Тейлор держался «на удивление спокойно, хотя, конечно, испытывал напряжение, – вспоминал сам Нуреев. – Наверное, он думал: это балетный танцовщик, звезда, он удовлетворится несколькими репетициями. Но я вытягивал из него все, что можно. Он говорил, что его танцовщикам полезно посмотреть, как я работаю – как вол. Я и в самом деле пахал как вол». Хоть и не по вине Рудольфа, Юрок практически проигнорировал Тейлора в организации мексиканского тура. Рудольф попросил включить в его программу несколько спектаклей баланчинского «Аполлона»[243]

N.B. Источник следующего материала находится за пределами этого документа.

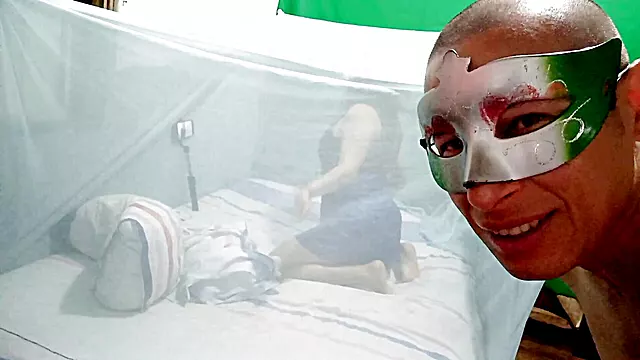 Amatersko Drkanje, Amateri Milf, Komsinica Amaterski, Real Amater, Domace Drkanje, Drkanje Prvi Put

и пригласить ради этого в поездку танцовщиц Бостонского балета. В результате в зрительской аудитории преобладали те, кого один критик назвал «балетными чудиками и любителями необычных зрелищ – самая неотесанная и регрессивная публика, какую только можно найти». Тейлору надолго запомнилось, как ему в гостиничный номер позвонил расстроенный местный ведущий программы: «Он сказал, что все ждут танцовщиков на пуантах и спросил: не могли бы вы изменить вашу программу и включить в нее что-нибудь вроде “Умирающего лебедя”». «Сожалею, – ответил Тейлор, – но это все, что у нас есть». Ближе всего к пернатому созданию Рудольф оказался в роли Сквонка из «Книги зверей» – «большого лохматого существа», служившего, по словам Тейлора, одновременно пародией и на Умирающего лебедя и Фавна Нижинского.Несмотря на свои наилучшие намерения и непрерывную упорную работу, Рудольф «так по-настоящему и не осознал, что не может взять и накинуть на себя современную технику, словно мантию», заключил Тейлор. Более того, он всегда считал, что Рудольф не подходил для вдохновленного Генделем «Ореола», хотя Нуреев танцевал его потом на протяжении всей своей карьеры. «Он хотел его танцевать, и я не вмешивался, – делился Тейлор. – Но [для такого произведения, как это] нужны длинные руки и ноги. Впрочем, его сценическое обаяние действовало и здесь, публика его любила». В первых спектаклях Рудольф испытывал трудности с финальной серией прыжков в шпагате. Его прыжки утратили полет и упругость, признавался он танцовщикам Тейлора. Однако главная проблема Нуреева заключалась в том, что он не рассчитывал время на репетициях. По свидетельству Драйвер, Рудольф каждый день начинал с первой части танца и проходил ее пять раз, прежде чем перейти к следующей. В результате он не успевал отработать последнюю часть, «в которой и были все эти прыжки. Пока ведущий танцовщик не исполнит их, остальным приходится подвисать в воздухе, как вертолетам. Мы молились, чтобы у него все получилось».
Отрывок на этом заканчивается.